Tuesday, May 5, 2009
I love to listen to voices. When I was in my first opera La Boheme in 1976 with the Baltimore Opera company, I became fascinated by the art form. I was a sponge in those rehearsals, taking in how the director was directing people, what the singers were doing and how they were singing, watching how an opera was put together. Right after that experience, I began a serious study of opera singers and singing by checking out every recording I could find in our local library. By the time I was 14, I knew all of Enrico Caruso's recordings, I could name what year, the aria/composer, and with whom he was singing. Yes, I was a nerd. In fact, all these years later, if you put on a Caruso recording I could probably still do it, just like some kids can spout off baseball stats.
In listening to opera singers on recording, I found I liked the older singers, I was fascinated by their choices and phrasing, it seemed so different than the current styles in the early 1980s. The actual singing technique seemed complete. What was going on? Why did one singer breathe in one place and another singer make a different choice? Why was a particular phrase so different in another singer's hands? Just like anything else, styles and fads go in and out of style, opera has the same issues: specific endings to arias change, high note choices, etc. Very early opera recordings can be hard to listen to, most singers didn't record well, Caruso was one of the few who did. Famous soprano Nellie Melba sounds like a warbly bird, orchestras sound like a general, huge, woofy wall of sound. Most recordings have a lot of static-y background noise. I learned to tune out the other things and just listen to the voice.
Every human voice is different. With opera singing, no two voices are the same. Singers make choices in an aria for different reasons - to show off a particular technical prowess, an exceptional high note, the ability to go to pianissimo (very soft) on a dime, the way the words shape a musical phrase. And while I don't really listen to much opera anymore, I still have love and affection for it. The thing that draws me to great singing is legato line. The dictionary describes legato as "smooth and connected; without breaks between the successive tones." A classically trained singer knows legato line as singing from vowel to vowel, not having consonants break up the intention of the phrase. This is very tough to do and can take a lot of work. It is particularly hard for American singers, our language is filled with dipthdongs and I wouldn't describe it as musical. Legato line tends to be easier for Italian, Spanish, Swedish singers, singers who began with an open-voweled language.

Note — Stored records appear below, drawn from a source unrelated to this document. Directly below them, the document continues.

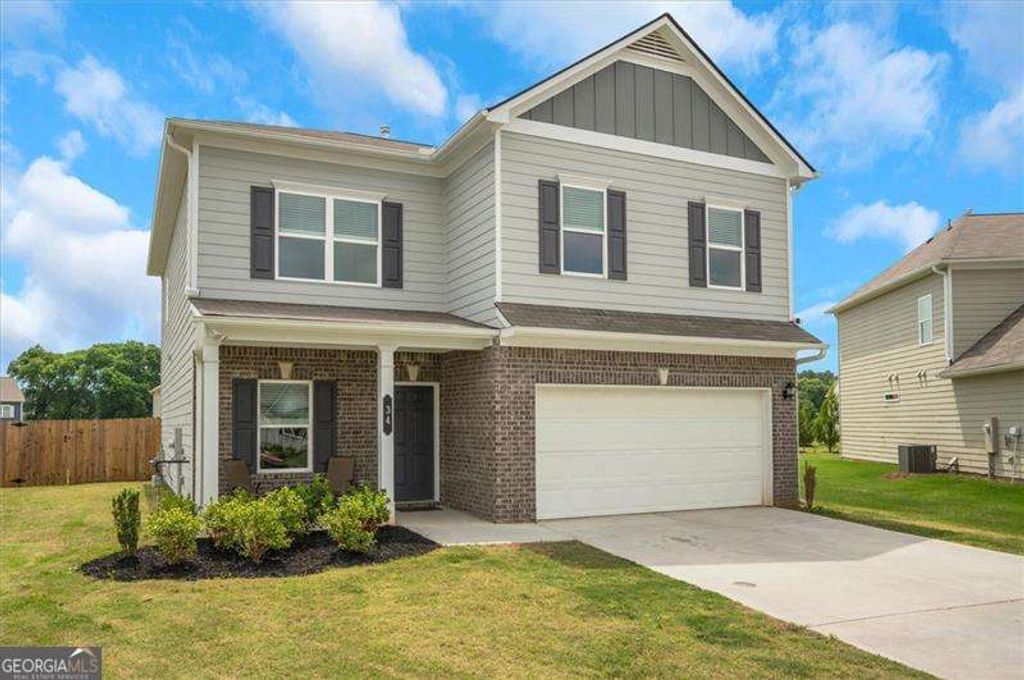 Photo of 34 Rock Foot Way SE, Cartersville, GA 30120 (MLS # 10686171)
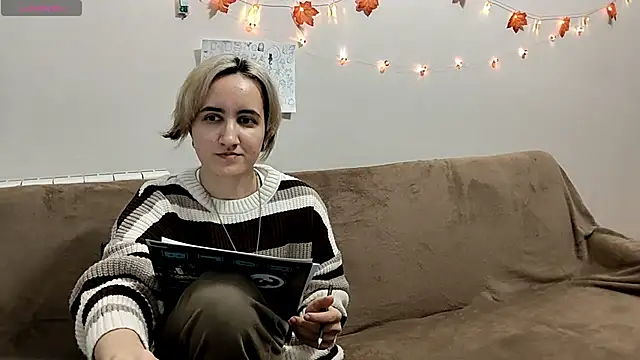 MiguelGray Webcam-Show
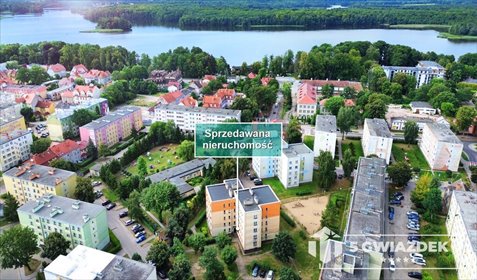 Kawalerka 27,56 m² w centrum Szczecinka - polecam! mieszkanie Szczecinek, Kościuszki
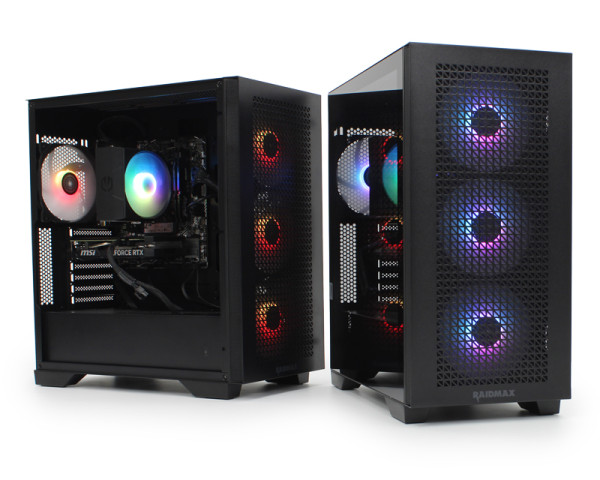 EWE PC  INTEL GAMING računar Core i7-13700F 32GB 1TB RTX4060Ti 16GB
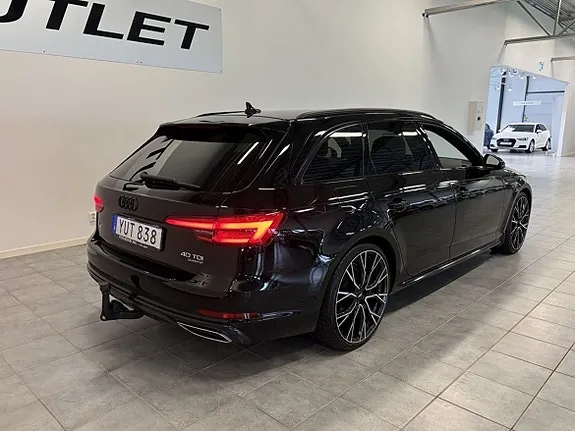 Audi A4 2019 photo 4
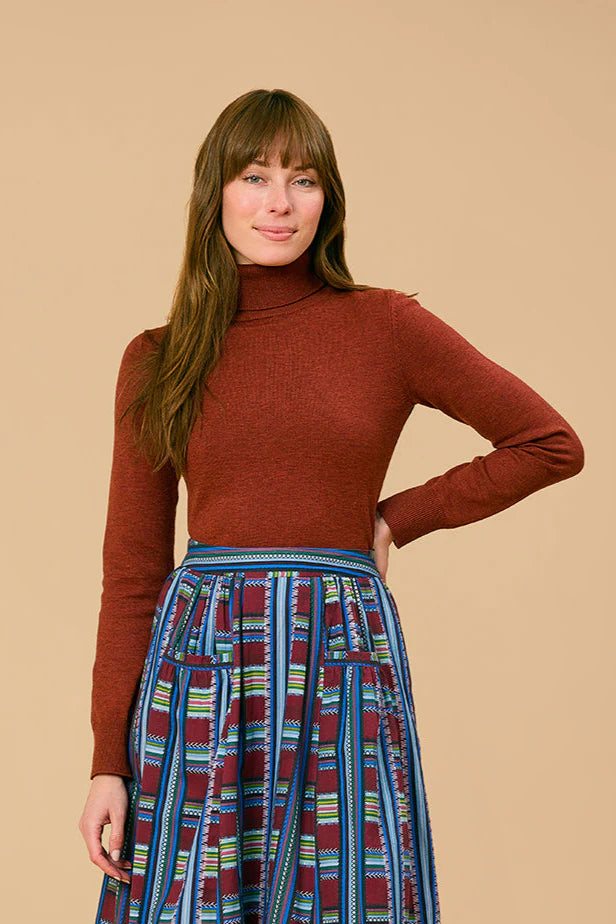 Erin Turtleneck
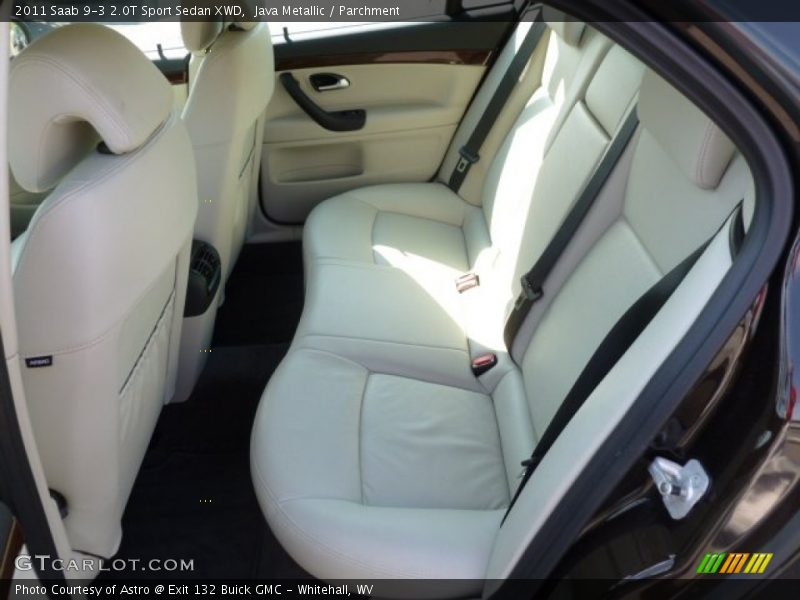 Java Metallic / Parchment 2011 Saab 9-3 2.0T Sport Sedan XWD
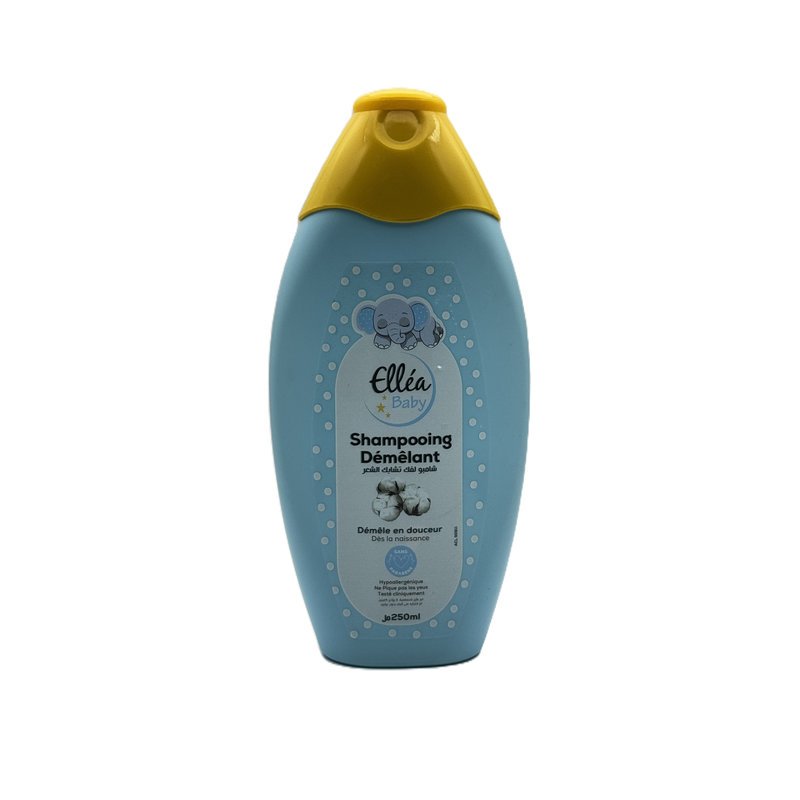 ELLEA SHP BEBE DEMELANT 250ML
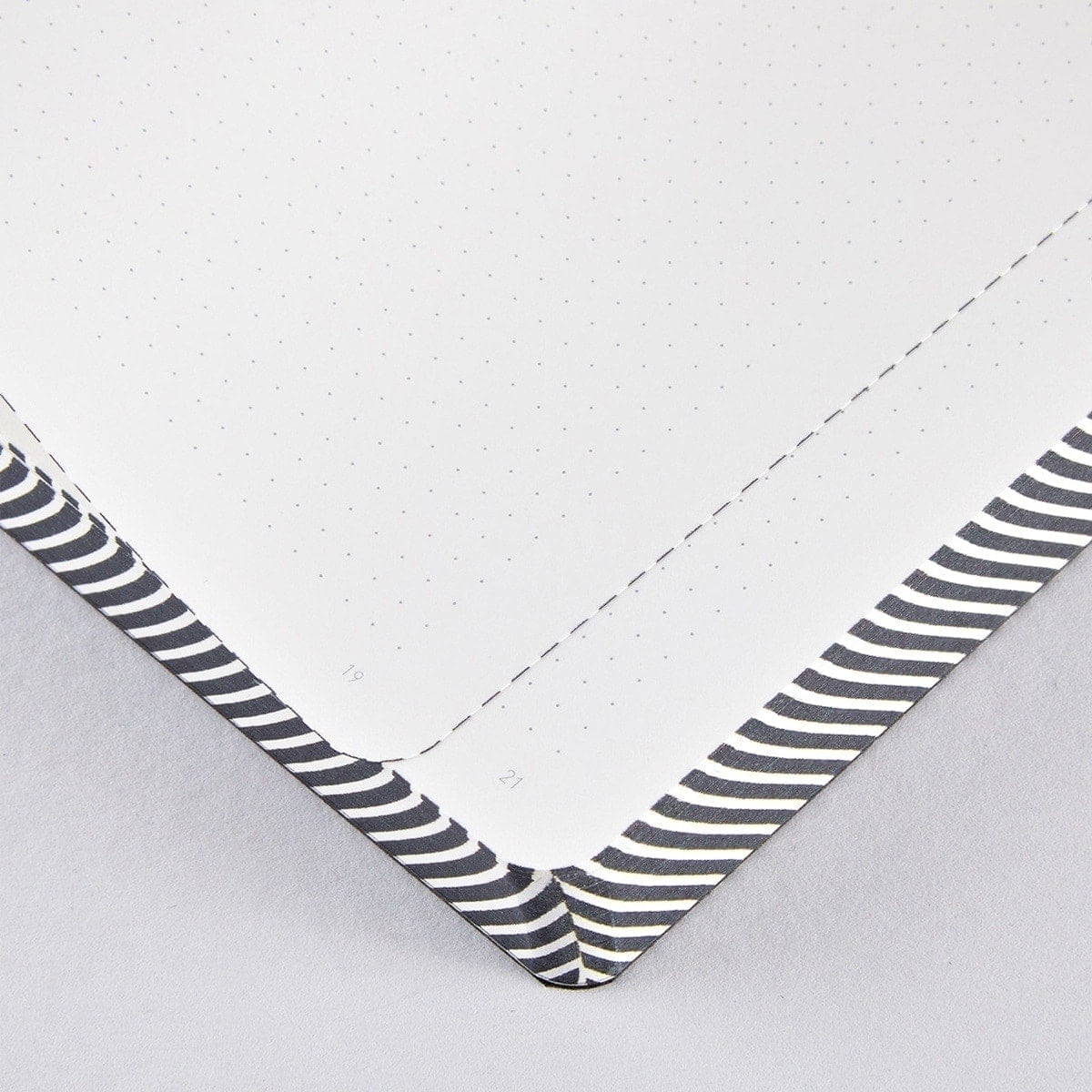 Nuuna, Notebook Graphic L, The Master Plan A5 dotted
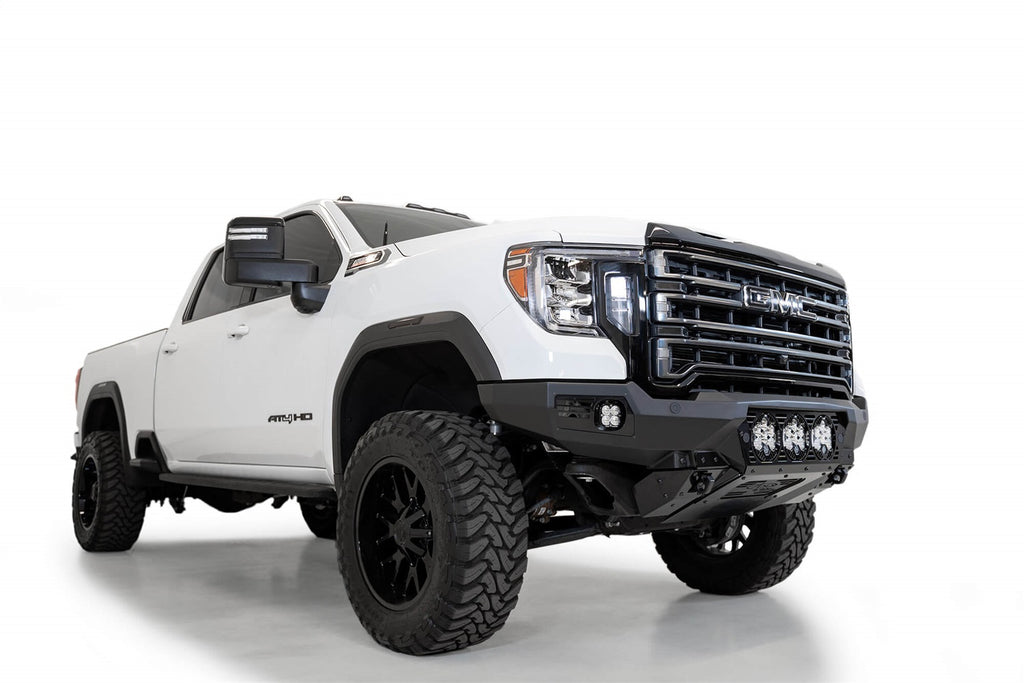 Addictive Desert Designs F460014100103 Bomber Front Bumper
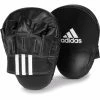 Adidas Short Curved Focus Mitts Accessories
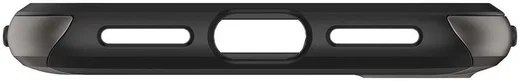 Spigen Neo Hybrid Apple iPhone X Gunmetal afbeelding 9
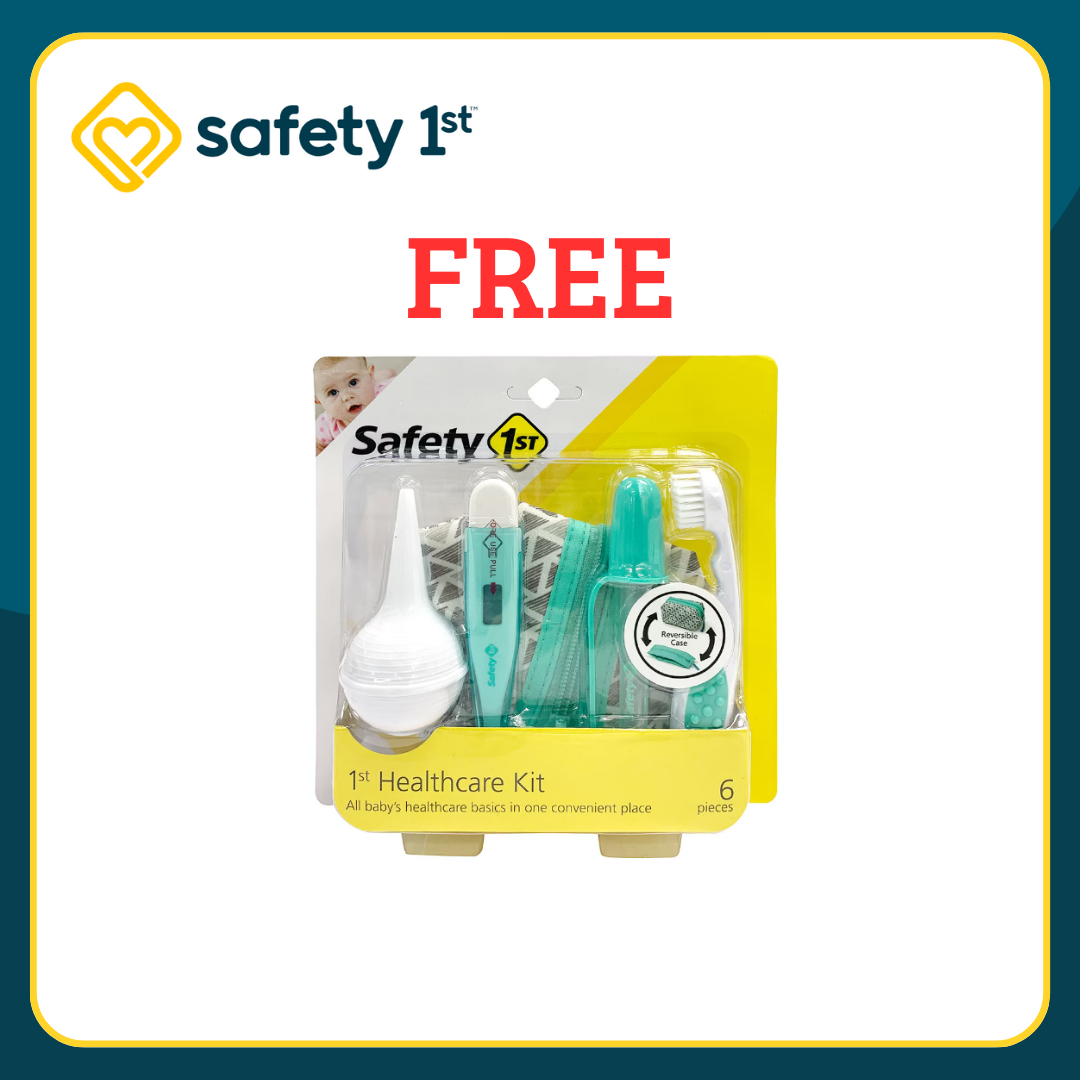 Safety 1st First Healthcare Kit Baby Set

I remember chuckling to myself in Italy as I listened to people in the market place, their language is musical, they sing from word to word as they speak.
And this brings me to today's listening example. Ezio Pinza (1892-1957), there he is pictured at the top of the blog, back in the good old days when opera singers smoked. He was a bass with a gorgeous voice, he was matinee-idol handsome, and he handled his singing career with great wisdom for the long haul. Reknowned for his roles as Don Giovanni and Mephistopheles, he spent 22 seasons with the Metropolitan Opera. When he retired from the opera stage, he went to Broadway and created the role of Emile DeBeque in South Pacific, receiving a tony for his portrayal and setting the standard interpretation for the song "Some Enchanted Evening." I like things that are unusual and quirky in singing, so I was delighted to find him singing "Bali Ha'i" tacked on to the end of the cast album . Emile doesn't sing this in the show, this is Bloody Mary's big number. Whether Pinza did this to sell more albums or for some radio show there it is, a brilliant legato line saved for posterity. With the first few notes he sings, you know he's not American, his vowels are amazing and even, not a dipthdong to be heard. It is gorgeous singing and is a clear example of how legato line works. Enjoy!